• **Source material**:
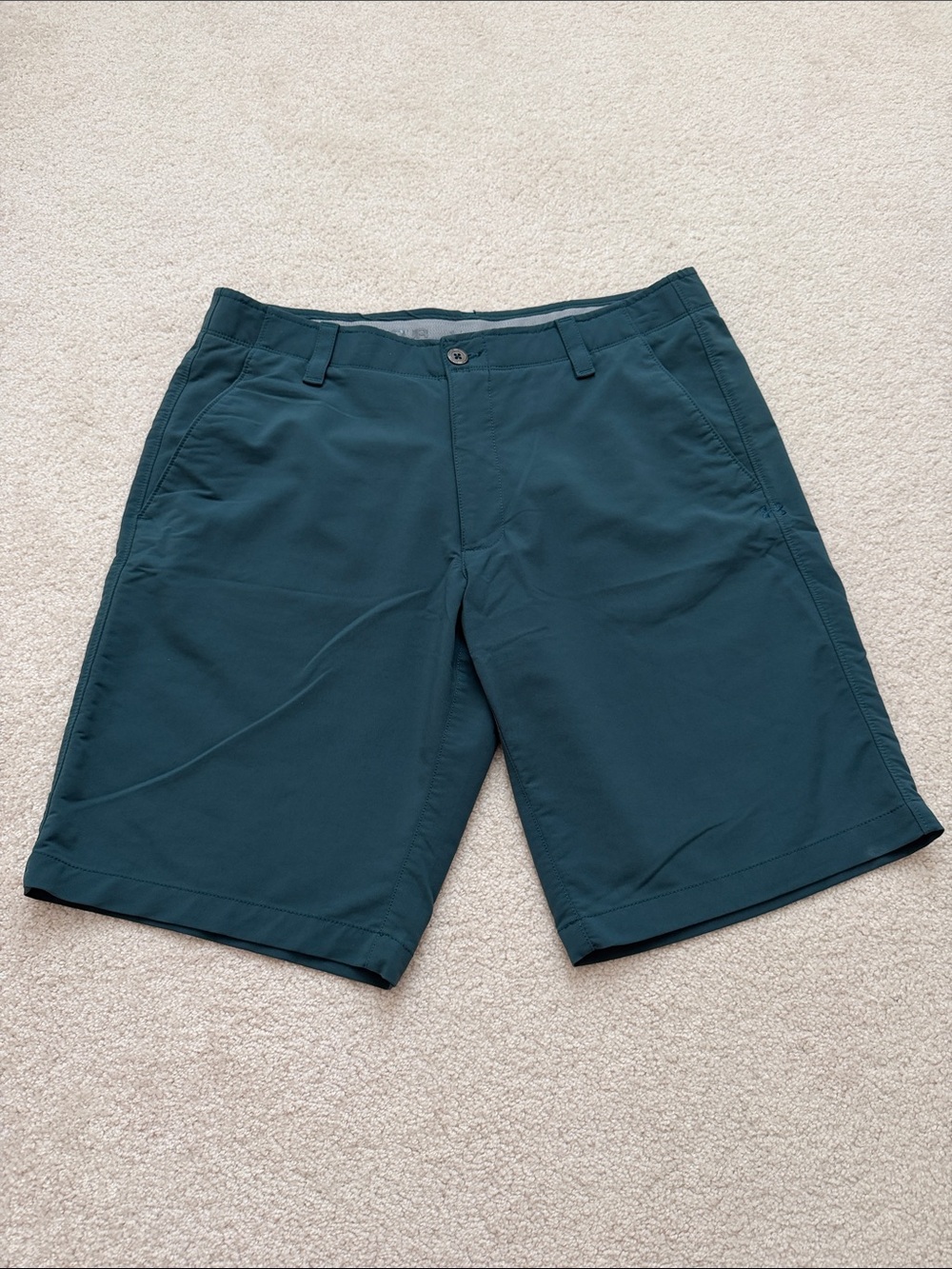Under Armour Deep Teal Flat-Front Men's Shorts - waist 36 - Style#1253487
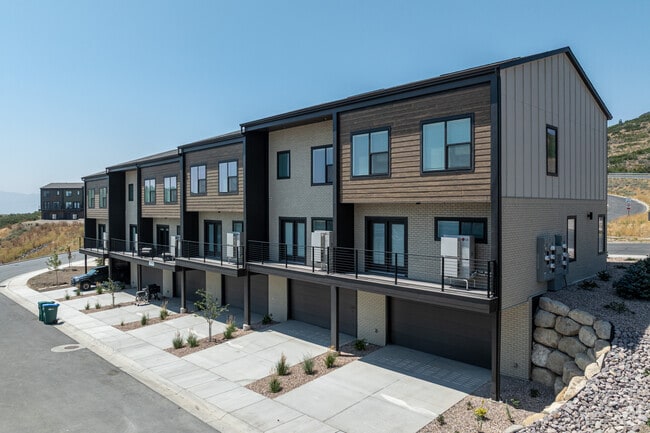 Building Photo - Trailside Townhomes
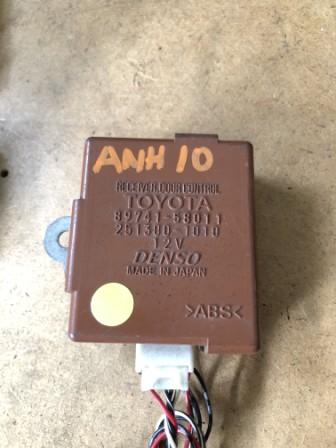 ECU 89741-58011 TOYOTA ANH10 ECU RELAY DOOR CONTROL 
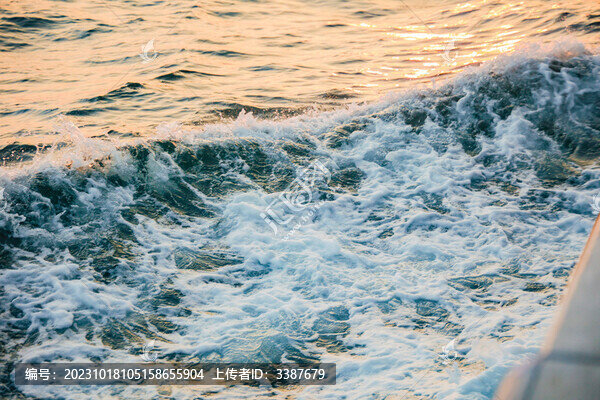 海浪花深海船日出日落行駛背景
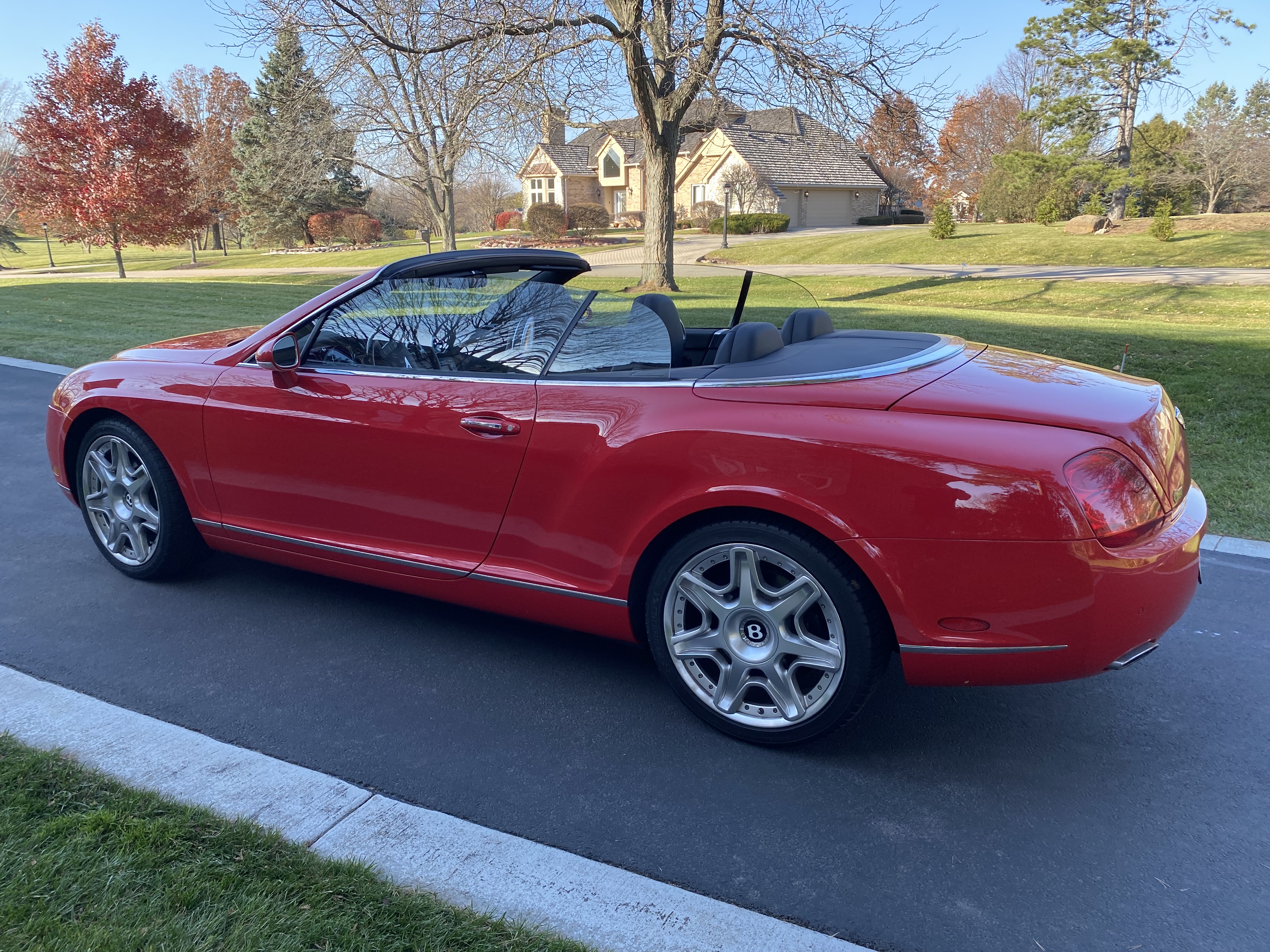 Used 2009 Bentley Continental GTC AWD/4WD image 1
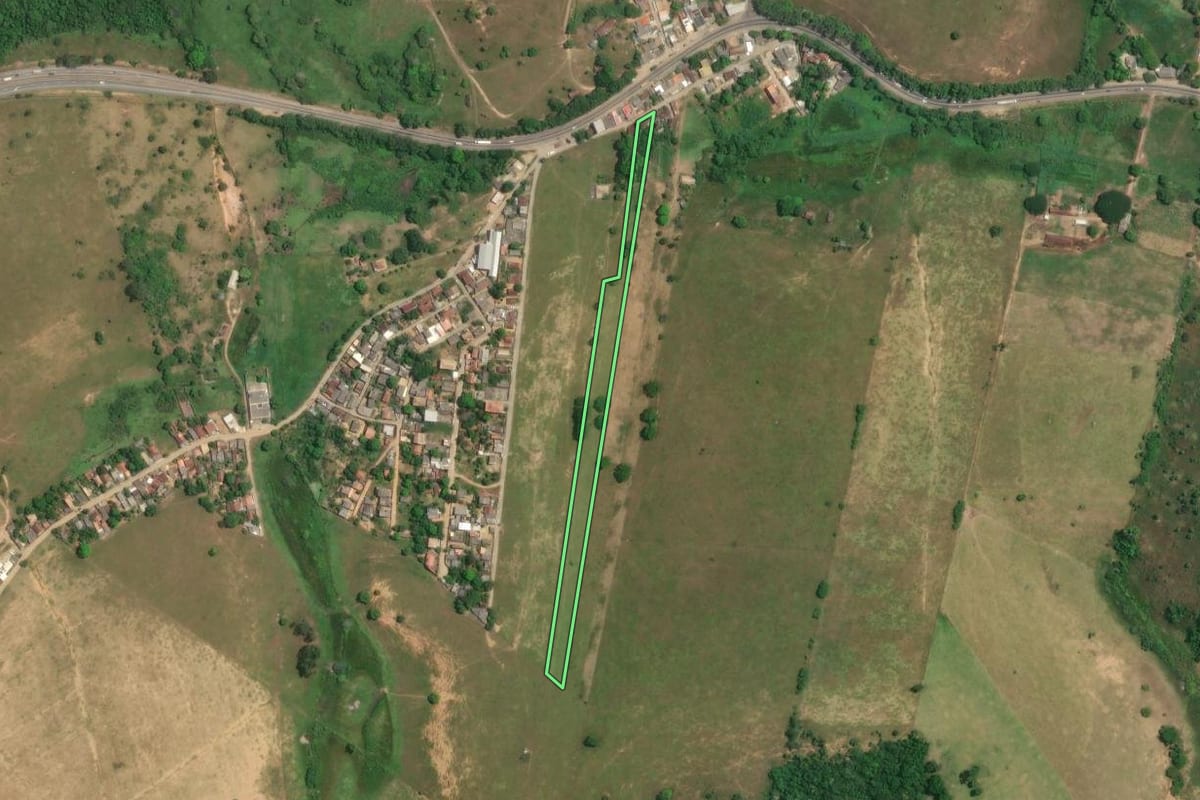 Imagem de satélite do imóvel rural em Campos dos Goytacazes (RJ), com o contorno declarado no CAR desenhado por cima.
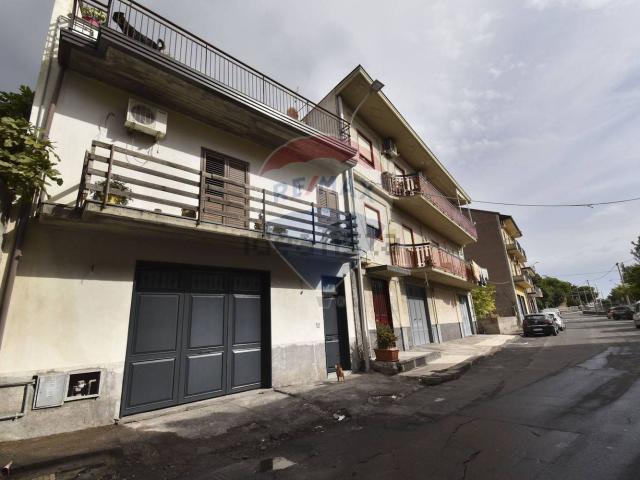 Casa in vendita a Belpasso, Sicilia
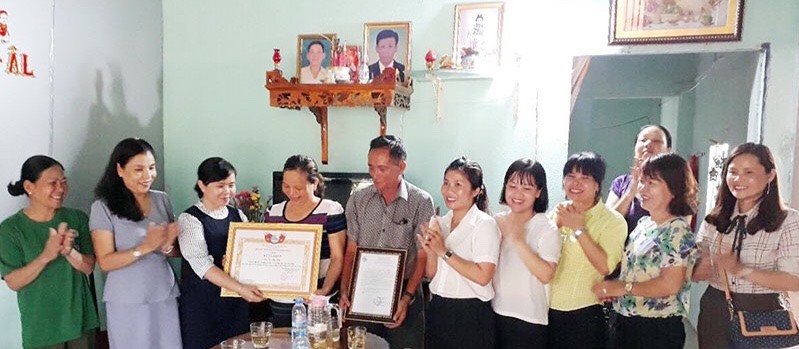 Trạo tặng bằng khen cho chị Tạ Thị Liên. Ảnh: B.P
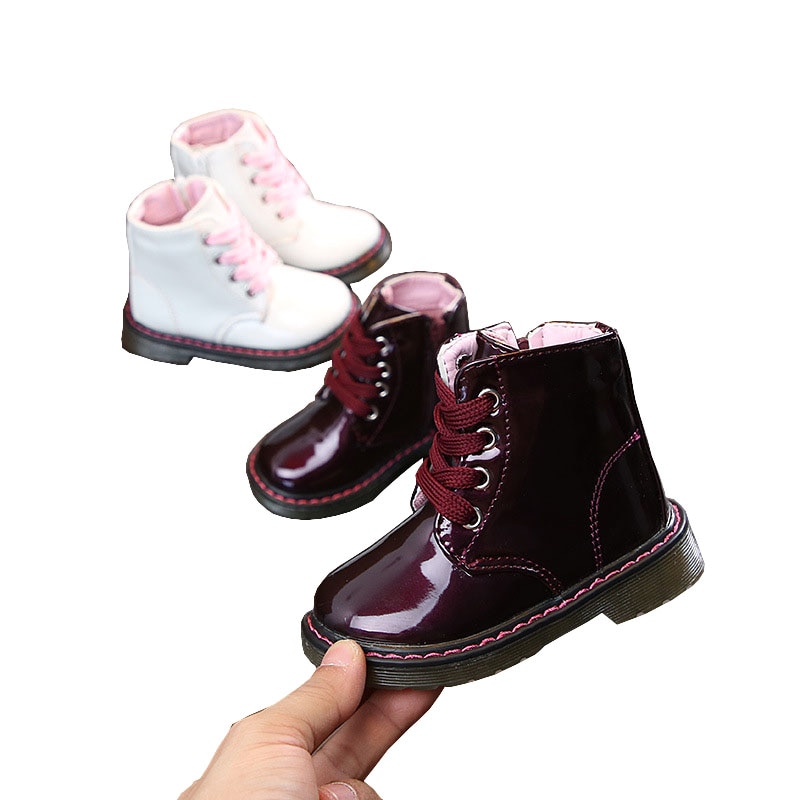 freundlicher freundlicher Kleinkind Baby Kleine Mädchen Patent Leder Martin Stiefel Schuhe Für Mädchen Weiß Schnee Stiefel Neue 1 2 3 4 5 6 7 jahre 29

• **Problem description**:
With the pictures omitted, print precisely the lines from the one with "海浪花深海船日出日落行駛背景" to the final line of the records, both included.

• **Response box**:
 海浪花深海船日出日落行駛背景
 Used 2009 Bentley Continental GTC AWD/4WD image 1
 Imagem de satélite do imóvel rural em Campos dos Goytacazes (RJ), com o contorno declarado no CAR desenhado por cima.
 Casa in vendita a Belpasso, Sicilia
 Trạo tặng bằng khen cho chị Tạ Thị Liên. Ảnh: B.P
 freundlicher freundlicher Kleinkind Baby Kleine Mädchen Patent Leder Martin Stiefel Schuhe Für Mädchen Weiß Schnee Stiefel Neue 1 2 3 4 5 6 7 jahre 29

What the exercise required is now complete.